Adam Ibrahim shares 5 tips to help make strategic investments during uncertain times
The question of whether or not to allocate capital in the environment is the subject of much debate, and as investors we are left, as we always are, with two options;
1. Follow the herd, be invested, and avoid missing out on a buck
2. Seek the truth and make a decision that combines our principles with what we can see
As an Investor and Asset Manager for institutions and individuals who I respect and value, these choices and their likely outcomes are of paramount importance to me. By history and definition, most will choose to follow the herd, and, depending on timing and the element of chance, they may even make money! (unless its 1999, 2008, or 2020, but who wants to talk about that when the S&P is up!) For those of us, on the other hand, who wish to maximize the probability of building the most value over the long term, while taking on acceptable amounts of risk, we seek to employ as much truth in our decisions as possible by using all of the information available to decide when and what to invest in. Let us consider 4 realities of the current marketplace in rendering a decision;
1.) Earnings Multiples Are at All-Time Highs
Never have price to earning ratios been this high, broadly speaking, since the heights of the dot com bubble, and we all know how that turned out. At the end of the day, when you purchase an equity, you are purchasing a piece of a company, and, as history and performance demonstrate time and time again, the value of that company will ultimately present itself in the value of the share that you own, whether it be by an exit, movement in market value, or share repurchase, among other ultimate realities. Some Investors have historically ignored and continue to ignore this at their own peril. Will you place your bets in hope of catching momentum by chance, or with a long term view of value actualization in mind and a well-founded belief in the intrinsic value of your equity investments?

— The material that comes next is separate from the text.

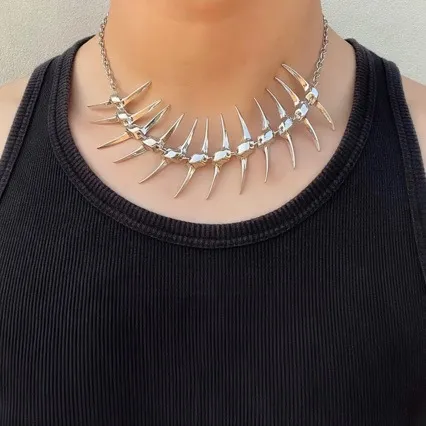Couple Original Fashion Same Style Silver Thorn Horn Fishbone Bracelet Necklace - Shop at LoveMi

2.) Real Estate Capitalization Rates are Priced for Perfection
Historically, the market-clearing capitalization rates, or the rates at which individual real estate assets would pay for themselves through operating on an annualized basis (or “Capitalize”), have hovered in the 10-20% range, rates that now appear absurdly high by any recent measure of asset values. There are some legitimate long term drivers of recent broad cap rate compression towards the 3-8% range, such as surplus capital accumulation, the maturity and liquidity of debt markets, and the increased participation in real estate investments on a global level, to name a few. That being said, given the current uncertainty of debt markets, household incomes, and employment at large, it would stand to reason that there should be some cap rate expansion to reflect increased risk and decreased financeability in the marketplace. While we observed this in certain distressed and high-risk segments of retail (a long time coming), we have not seen this reflected substantially in multifamily or commercial office asset values. It appears likely that, as near term unemployment, trends in remote work, and shaky debt markets set in, there will be rent compression, and, as a result, increased sellers relative to buyers at lower values in the real estate market place. So the real question is, does one wish to catch a falling knife, or wait for distress to set in and snap up a bargain?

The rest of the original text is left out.